CLOUDSPLITTER

By Russell Banks
New York: HarperPerennial, 1998
ISBN # 0-06-093086-1 (paper)
758 pages

Comments by Bob Corbett
June 2008

Russell Banks presents a gripping account of the life of radical abolitionist John Brown (1800-1859). This account is narrated by Brown’s son Owen, the chief “officer” in Brown’s army. While ostensibly Owen is writing the account in 1899, 40 years after the raid on Harper’s Ferry, to aid some scholars who are writing a sympathetic biography of his father, the novel is also a touching exploration of an extremely difficult father/son relationship, sort of Owen’s last confession before his own death.

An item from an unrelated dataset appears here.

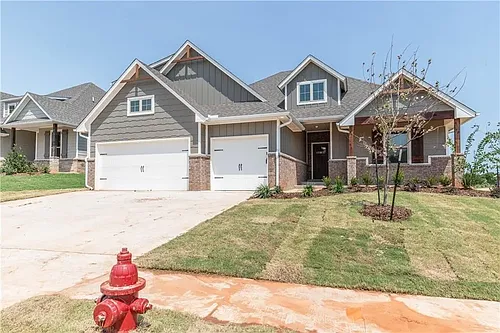 4201 Clevenger Dr Photo 1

We follow the Brown family from shortly after Owen’s birth in 1825 to the raid on Harper’s Ferry in 1859 with a few details of Owen’s life after Harper’s Ferry.

While Banks himself in his introduction emphases that this is a novel and that he has collapsed various events into one another for dramatic effect, and not been fully accurate to some historical characters, it is nonetheless clear that he has done enormous research into Brown’s life, and given the power of Banks’s storytelling, I would expect the novel will hold its own in the historical corpus not only on the life of John Brown, but on the half century of American life leading toward the Civil War.

John Brown was a radical abolitionist believing that only violent action, sort of a Biblical purging, could destroy the morally evil institution of slavery. Brown was convinced that not only was God on his side, but that he personally communed with God and was doing God’s bidding in his work. He worked with non-violent abolitionists like William Lloyd Garrison and Frederick Douglass, but believed their well-intentioned tactics would never end slavery.

Banks seems to capture the driving forces of Brown’s confidence and courage when he has him say: “You must not obey a majority, no matter how large, if it oppose your principles and opinions…”

Much of Banks’s portrait of John Brown is familiar to us from standard historical accounts – at least the basic factual data. But not so of Owen’s relationship to his father. It is this sub-plot – if indeed it is really “sub,” -- that pains and grips the reader. John Brown was a true believer, God was God, and had set firm rules of life and conduct and provided that data to humans in The Bible. The greatest sin John Brown could imagine was the enslaving of other humans and he, John Brown, was called and commissioned by God to use the tools of deadly force to lead to the end of this evil social institution. Owen was to be his chief aide in this work.

Owen compares his father’s relationship to God as like Job’s to God – the faithful servant whom God could treat as he wished, even unfairly, yet Brown would still know he was God and be the obedient servant.

Owen was different. He did not even believe in God, but found himself much in the same relationship to his father as Job had been to God. John Brown could and did dominate Owen’s life, treated him badly many times, but it didn’t matter. John Brown was Abraham to Owen’s Issac. At God’s bidding Abraham was willing to kill Issac as commanded.

On Owen’s own view, when he looked at himself in his mid-twenties, he had accomplished virtually nothing of his own, yet at that age his father was already an important national figure in the anti-slavery movement.

Owen even had doubts about the use of violence, but the power of his father silenced his doubts. He reveals:

Ah, father, how you shame me one minute and anger me the next. How your practical wisdom, which at times borders on a love of violence for its own sake, challenges my intermittent pacifism, which borders on cowardice. Your voice stops me cold, and then divides me. One day and in one context, I am a warrior for Christ. The next day, in a different context, I am one of His meekest lambs. If only in the beginning when I was a child, I had been able, like so many of my white country-men, to believe that the fight to end slavery was not my fight, that it was merely one more item in the long list of human failings and society’s evils that we must endure, then I surely would have become a happy undivided man.

In the end the assignment Owen was given by his father at Harper’s

Ferry spares Owen the fate of death. But he seems to have internalized this fact as somehow his own betrayal of his father and fellow troops. Thus in these last days of his own life in 1899 he is “confessing” his lingering doubts and guilt for not being the son he thought his father wanted and perhaps even deserved.

Along the way of telling his story Russell Banks raises a number of fascinating discussions. Without, I hope, any plot spoiling, I want to comment on a few of these themes.

Overall I relished reading the novel, and read this huge 758 page book in just a few sittings, gripped by it. Banks’s research and command of the period is very impressive. Nonetheless I do find it excessively indulgent and too long. Banks has the tendency when making a point about John Brown’s life to go on too long using too many examples. The book needed serious editing and I think it would have made a much better 500 page book than it does a 758 page one.